Results: Four studies involving 3,327 TE-NDMM patients were included, comprising three randomized controlled trials (CASSIOPEIA, GRIFFIN, and PERSEUS) and one non-randomized controlled study (Joseph et al., 2023). Daratumumab-based quadruplet regimens were administered to 1,328 (40%) patients. The weighted median follow-up duration was 51.7 months, with a range from 19.1 to 88.4 months. Across three studies, daratumumab in combination with bortezomib, lenalidomide, and dexamethasone (D-VRD) was compared to VRD, while one study compared daratumumab with bortezomib, thalidomide, and dexamethasone (D-VTD) to VTD. The weighted median patient age was 60 years, 57% were male, 45.6% had ISS stage I, 36.4% had ISS stage II, 17.9% had ISS stage III disease, and 17.5% of patients had a high-risk cytogenetic profile.
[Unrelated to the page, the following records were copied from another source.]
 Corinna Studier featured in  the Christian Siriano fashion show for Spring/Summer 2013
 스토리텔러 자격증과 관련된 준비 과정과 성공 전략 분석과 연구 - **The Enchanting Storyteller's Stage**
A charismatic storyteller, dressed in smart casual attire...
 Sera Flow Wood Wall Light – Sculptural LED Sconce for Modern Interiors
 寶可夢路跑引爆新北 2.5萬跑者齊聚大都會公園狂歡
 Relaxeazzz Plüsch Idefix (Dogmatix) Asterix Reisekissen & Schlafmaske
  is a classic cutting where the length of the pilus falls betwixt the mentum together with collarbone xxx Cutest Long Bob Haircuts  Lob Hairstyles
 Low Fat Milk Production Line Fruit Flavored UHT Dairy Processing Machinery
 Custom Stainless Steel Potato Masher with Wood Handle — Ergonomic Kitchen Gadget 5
The addition of daratumumab to first-line backbone regimens significantly improved OS (pooled HR 0.60; 95% CI 0.48-0.75; p < 0.00001; I2 = 0%) and PFS (pooled HR 0.49; 95% CI 0.37-0.65; p < 0.00001; I2 = 52%). Per-protocol subgroup analysis comparing D-VRD and VRD demonstrated that the daratumumab-based regimen significantly extended both OS (pooled HR 0.68; 95% CI 0.48-0.97; p = 0.03; I² = 0%) and PFS (pooled HR 0.41; 95% CI 0.31-0.54; p < 0.00001; I² = 0%).
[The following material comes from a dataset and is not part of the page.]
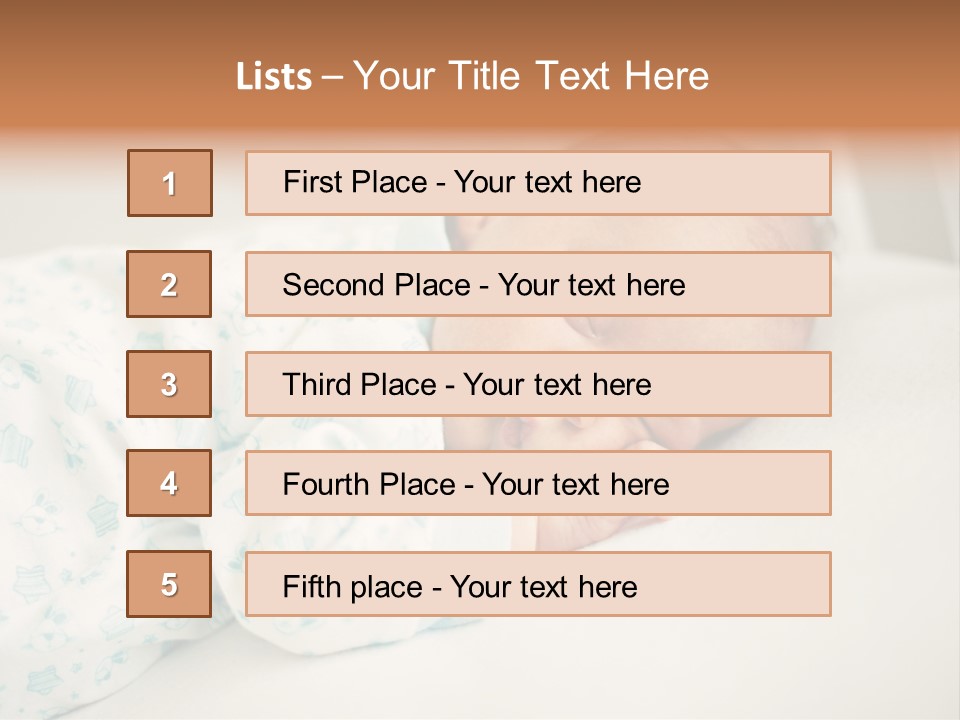 Relax Face Portrait PowerPoint Template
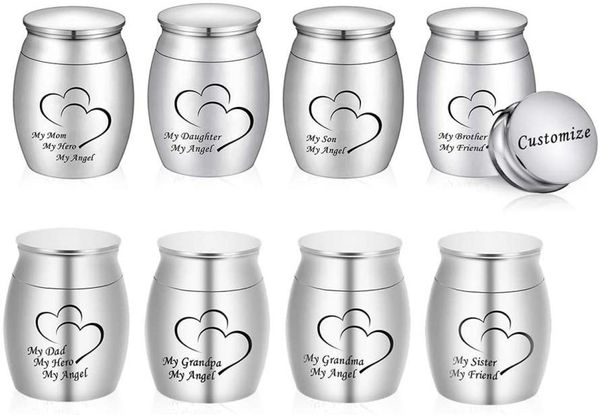 small keepsake urn for human ashesmini cremation urn small funeral jar stainless steel ashes cremation funeral jarmy dad my ange2859621, Silver
small keepsake urn for human ashesmini cremation urn small funeral jar stainless steel ashes cremation funeral jarmy dad my ange2859621, Silver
Conclusions: This meta-analysis consolidates evidence that daratumumab-based quadruplet regimens in frontline treatment of TE-NDMM significantly improve overall survival compared to triplet regimens. These findings could guide the selection of optimal first-line treatments in the absence of long-term follow-up data from ongoing randomized trials.